Let’s just pass a law that arresting someone for filming the police is punishable with a million dollar fine and 50 years in prison with no parole.

It is simple to fix, the fact that we are not doing anything against this blatant slide into a police state says more about us individual than it does about the government.

We are weak and ineffectual. We are sniveling cowards too afraid to stand up for ourselves. Look at the rest of the world. You kill one person in England without just cause and the people there burn cars and buildings. In Greece millions protest against the government imposing austerity measures on the people, while letting the rich grow ever richer.

I’m more than a little disgusted about how far we have fallen in the past 50 years. We used to stand up for ourselves. We used to be great.

I guess it was good while it lasted.

Thomas (profile) says:

Just shows..

that cops are corrupt. They do not want to take a chance of anyone filming them while they might be beating the crap out of an innocent and unresisting person. They are just trying to avoid a repeat of Rodney King, but only by keeping anyone from getting a video of it.

I’d much rather have an encounter with a mugger than a cop, any day. A mugger only wants your phone or wallet, which is easily replaced. A cop, however, can arrest you, toss you in jail (without cause), and cause you tens of thousands in legal fees to get yourself cleared and even then you will still have an arrest record. If you are skilled you have a decent chance of fighting back against a mugger anyway.

And the fact that they dropped the charges won’t clear the fact that the record will still show he has been arrested, which follows you forever.

Cops have to deal with really nasty characters, so they simply become so much like the criminals it’s hard to tell the difference.

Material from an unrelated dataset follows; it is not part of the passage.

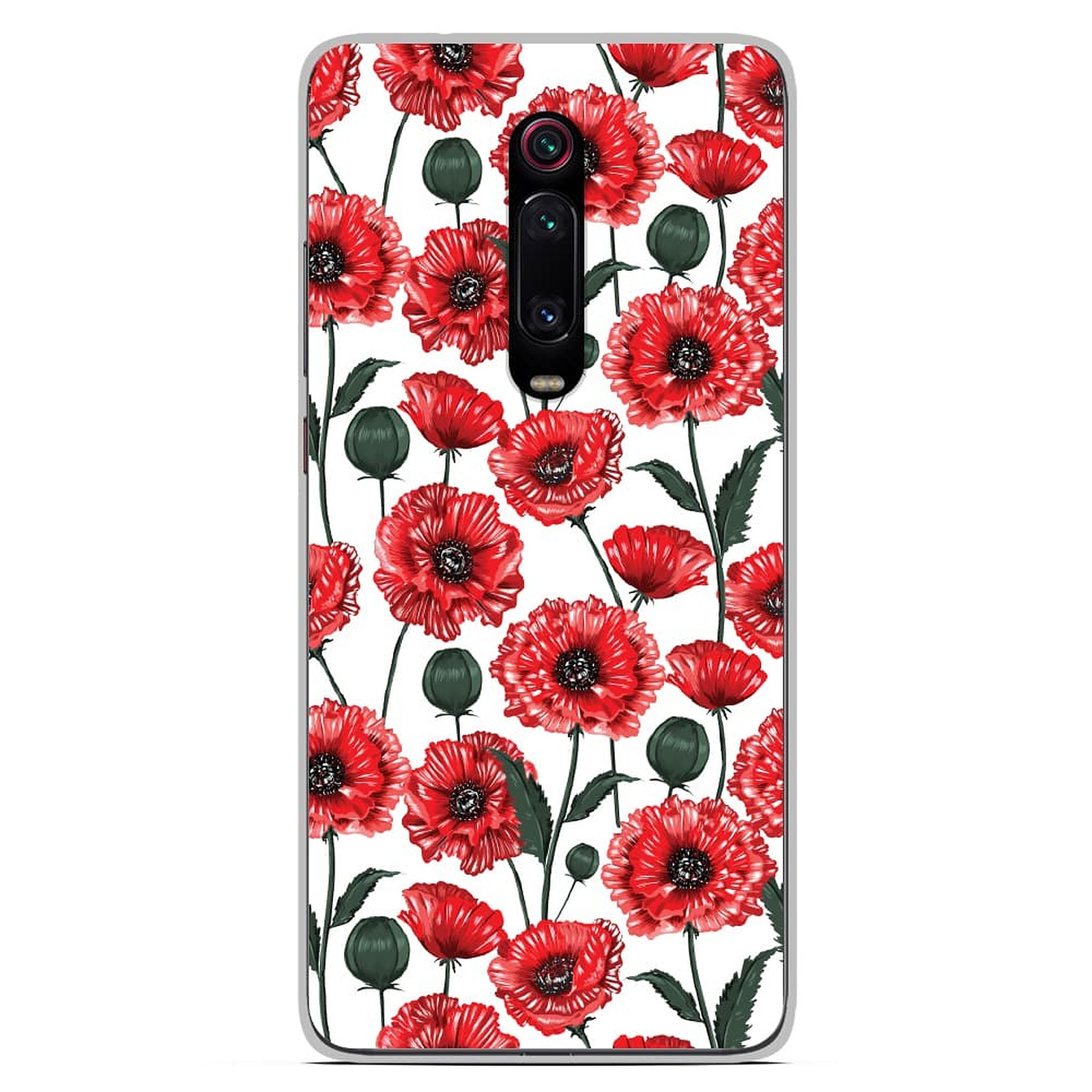 1001 Coques Coque silicone gel Xiaomi Mi 9T motif Fleurs de Pavot - Coque telephone 1001Coques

Prosecutors have become more like Mafia Consigliores(sp?) and just use whatever part of the law they can find to hurt people.

Anonymous Coward says:

A video clip from one perspective is a video clip from one perspective. Often times, the clip doesn’t or can’t provide the proper context or the fuller picture of what’s happening.

If, for example, someone’s watching an incident between a police officer and a citizen. The exchange gets heated and the citizens slugs the cop…now, all of the sudden the camera comes out because who wants to miss this and the video clip shows the cop beating the guy into submission.

That’s the problem.

A better solution would be, as some have suggested, for everyone to be recording – it would increase the likelihood of getting a fuller perspective of these incidents. Two things makes this impractical, though – first, who’s going to coordinate all of this filming? CCTV doesn’t work because it’s too stationary. Second, do YOU want to be filmed 24/7? Talk about big brother…

ComputerAddict (profile) says:

Re: follow in San Jose's Footsteps

In San Jose california cops have a small camera on their shoulder as part of their uniform. They are trained “Lights on, Camera On” so that as soon as a persuit begins it is caught on camera. If there are 4 officers on scene, there are 4 sets of footage. If something arises they can go back and check the footage, if one of the officers fails to download his footage then there should be sanctions in place for that. (In San Jose there are no sanctions for not filming as they are still in a “trial”)

http://abclocal.go.com/kgo/story?section=news/local/south_bay&id=7177894

Thomas (profile) says:

In Massachuetts..

videotaping a police officer without his/her consent is wiretapping. The Mass Supreme court has said that the law is valid and prosecutions are also valid.

Strange that a liberal state like Mass helps the cops to avoid prosecution for any wrongdoing. There would never be a Rodney King beatdown in mass because the police would seize all of the video evidence and prosecute the people who did the taping.

I try to avoid going to Boston and Cambridge – the cops are not to be trusted.

The cops go out and beat innocent people and arrest people videotaping it happening and then they wonder why people don’t trust the police. Why should people trust the police or the prosecutors anyway?